Millions of female workers deal with period pain during their monthly cycle, and most employers just ignore it. But one company in the UK has finally recognized that working while doubled over in pain isn’t the most efficient use of staff time, and is allowing women to build their cycles into their work schedules.
Co-Exist, a community venue in Bristol, is launching a new company policy that allows female employees to take time off due to menstruation and make it up later, according to a BBC interview with the company’s director, Bex Baxter. The full details of the policy will be announced during a seminar later this month on March 15.
Baxter told the Bristol Post that she has seen female staff members “bent over double” in pain at work. “They feel they cannot go home because they do not class themselves as unwell,” she said. “And that is unfair.” She notes that period pain is something more than half of its staff potentially faces (of 24 employees, seven are men).

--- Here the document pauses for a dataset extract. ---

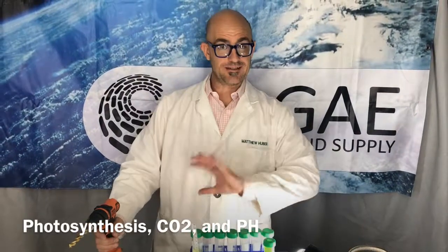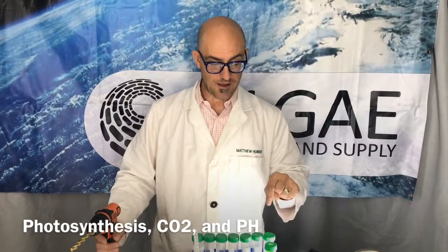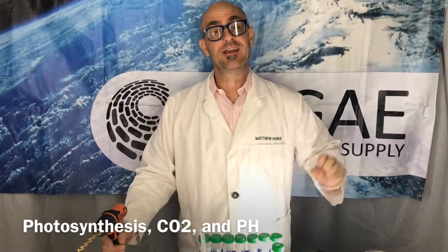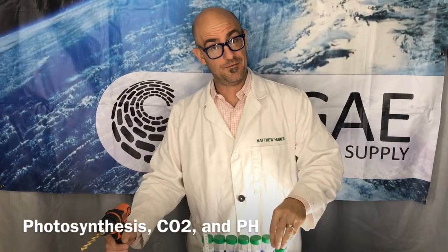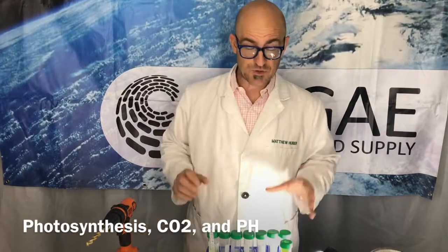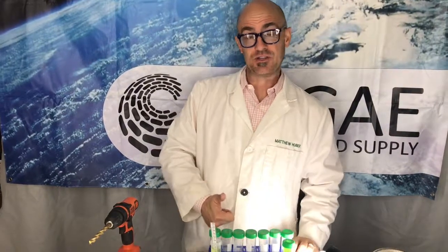Hi, this is Matt from the Dirty Lab Coat and today we're going to be doing a quick little photosynthesis experiment where we're going to be watching a plant of Nannochloropsis consume CO2, and as it consumes CO2 the pH is going to go up.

We know period pain can be nearly as bad as a heart attack, but the research on why that is or how best to treat it is sorely lacking. ”Menstrual leave” policies have been implemented in Japan, Indonesia, and South Korea—with varied results. Female students were briefly granted menstrual leave at South Korean universities in 2007, but faculty members rejected the policy, saying female students were using it to get out of class.
The thought of female employees using period pain as an excuse to get time off from work doesn’t seem to worry Baxter, though. Talking to the Post, she cited the company ethos and workers’ dedication, saying, “I don’t think we will have an issue with people deceiving us.”